### PROMPT
Leave the pictures out and print every record below exactly as it stands.

### SOURCE DATA
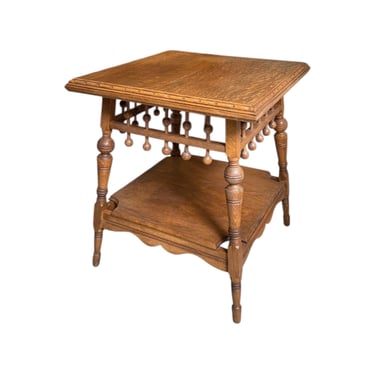 Free shipping within continental US - Victorian Aesthetic Movement Eastlake Style Oak Two Tier Parlor Table Stick and Ball Apron 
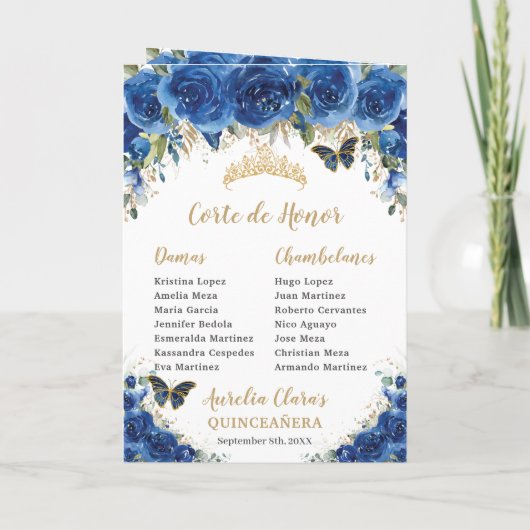 Royal Blue Floral Quinceañera Princess Padrinos Programma (Achterkant)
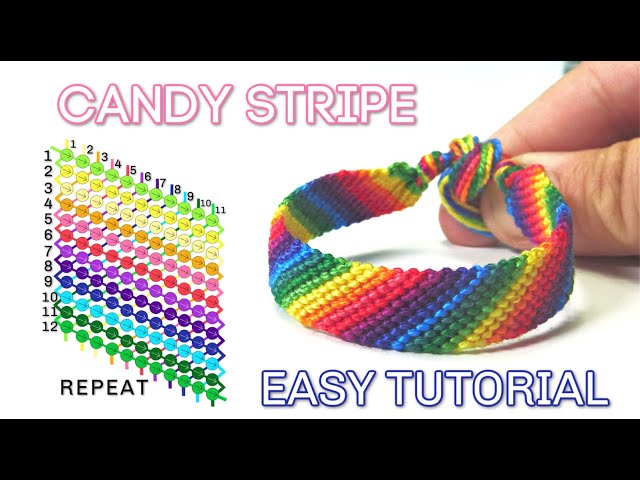 RAINBOW CANDY STRIPE PATTERN | Macrame Friendship Bracelet Video Tutorial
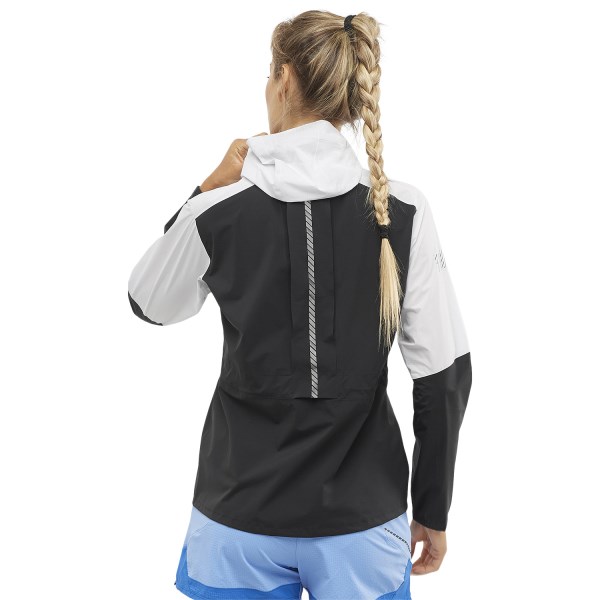 Salomon Bonatti Trail Waterproof Womens Running Jacket - Black/White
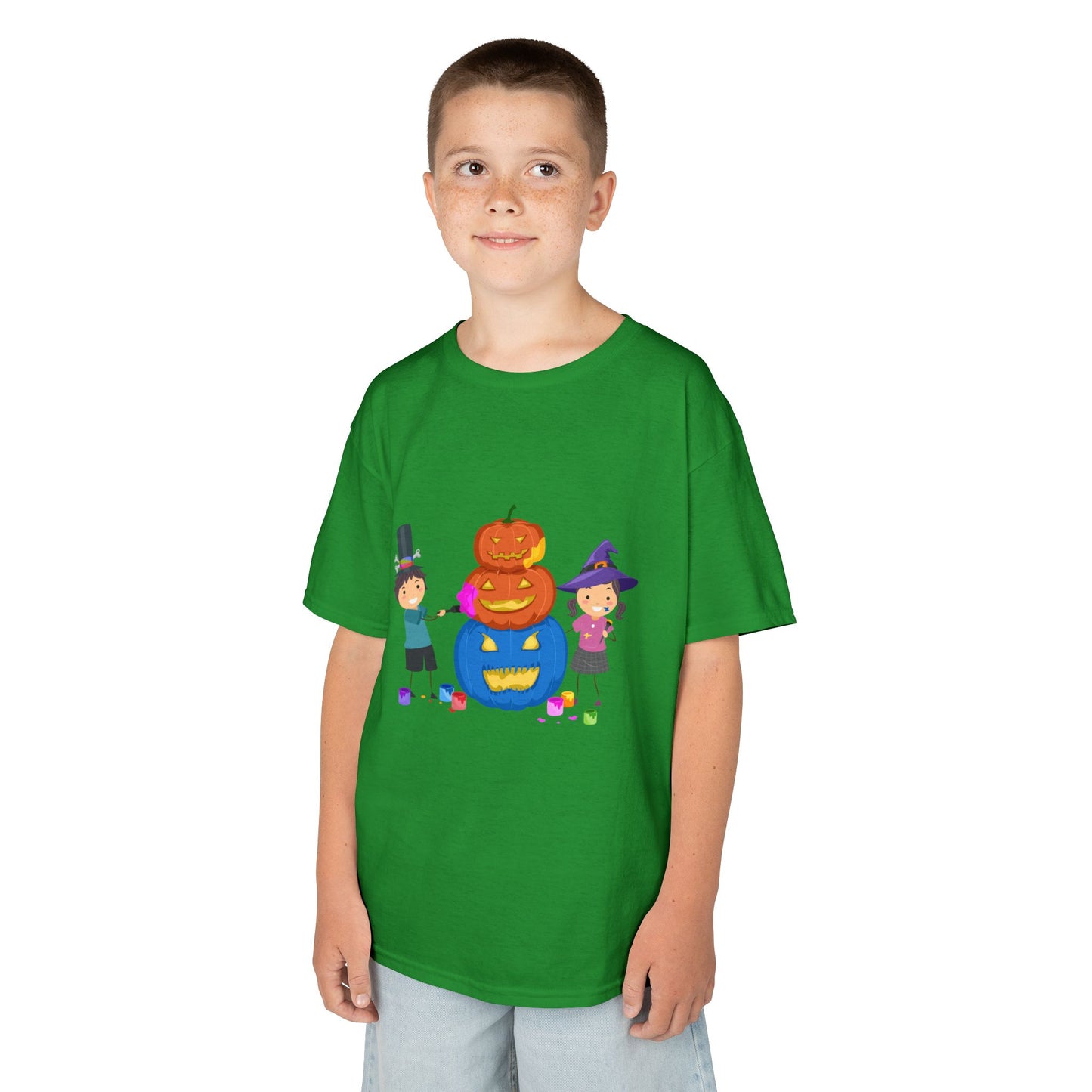 Kids Halloween Tee with Pumpkin Design, Fun Kids Shirt, Halloween Costume Top, Trick or Treat Tee, Spooky Season Apparel, Kid's Party Outfit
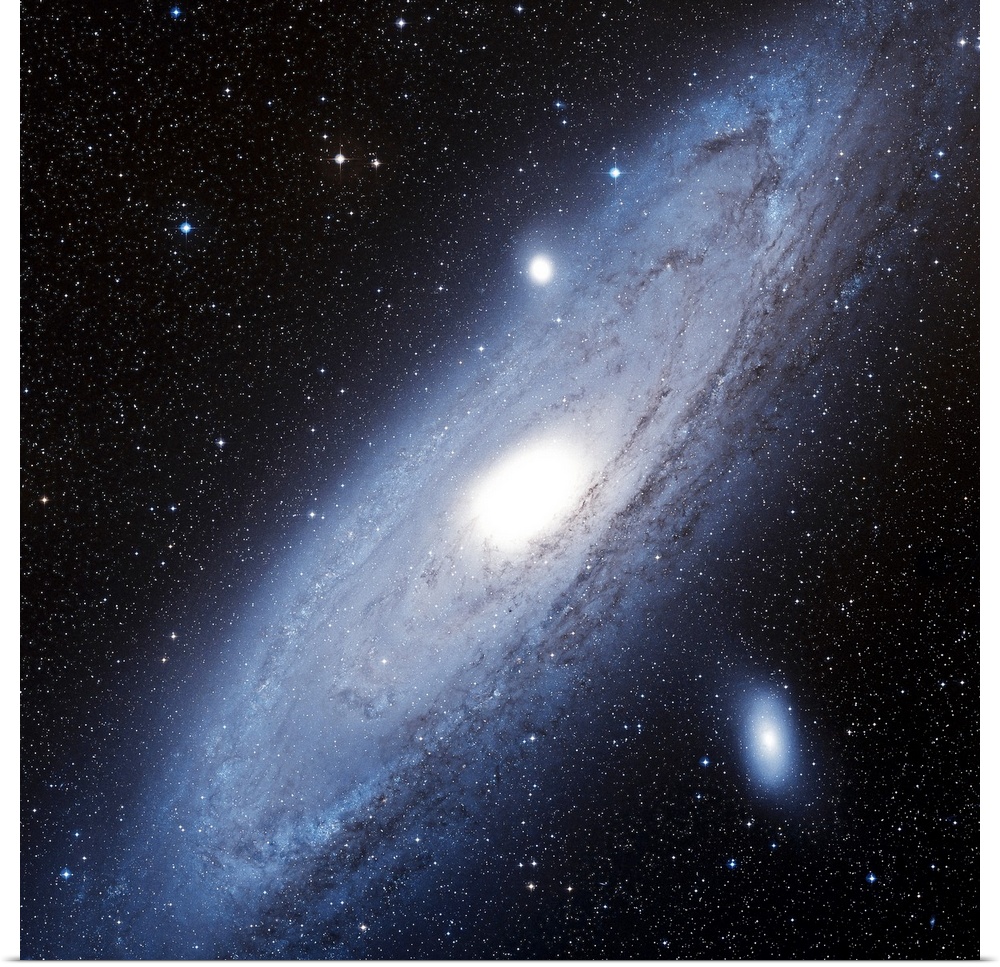 Photograph of star system with diagonally slanted oval shaped cloud of gas.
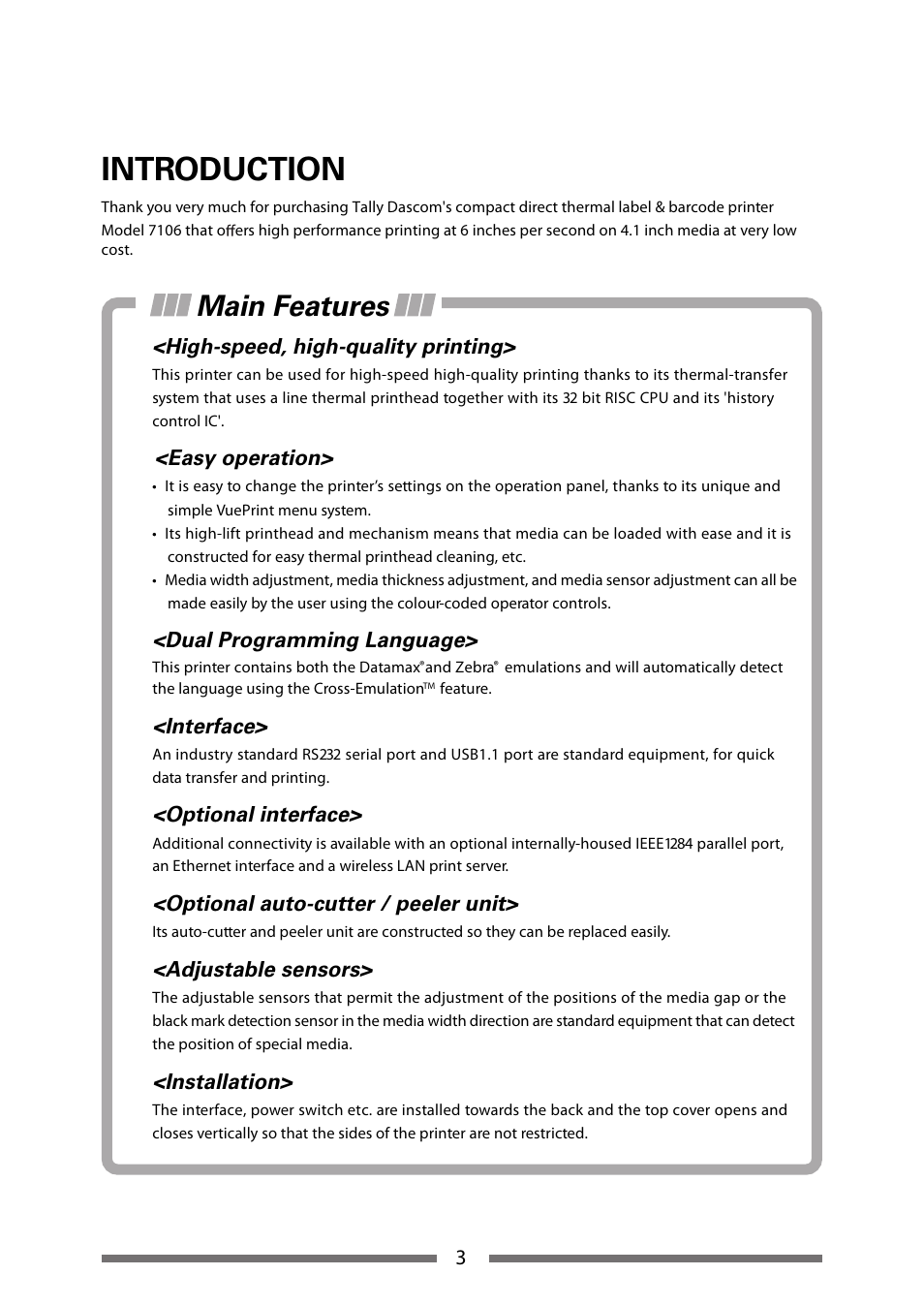 Before operation, Introduction, Main features | Dascom 7106 User Guide User Manual | Page 3 / 56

### SOLUTION FOR THIS EXERCISE
 Free shipping within continental US - Victorian Aesthetic Movement Eastlake Style Oak Two Tier Parlor Table Stick and Ball Apron 
 Royal Blue Floral Quinceañera Princess Padrinos Programma (Achterkant)
 RAINBOW CANDY STRIPE PATTERN | Macrame Friendship Bracelet Video Tutorial
 Salomon Bonatti Trail Waterproof Womens Running Jacket - Black/White
 Kids Halloween Tee with Pumpkin Design, Fun Kids Shirt, Halloween Costume Top, Trick or Treat Tee, Spooky Season Apparel, Kid's Party Outfit
 Photograph of star system with diagonally slanted oval shaped cloud of gas.
 Before operation, Introduction, Main features | Dascom 7106 User Guide User Manual | Page 3 / 56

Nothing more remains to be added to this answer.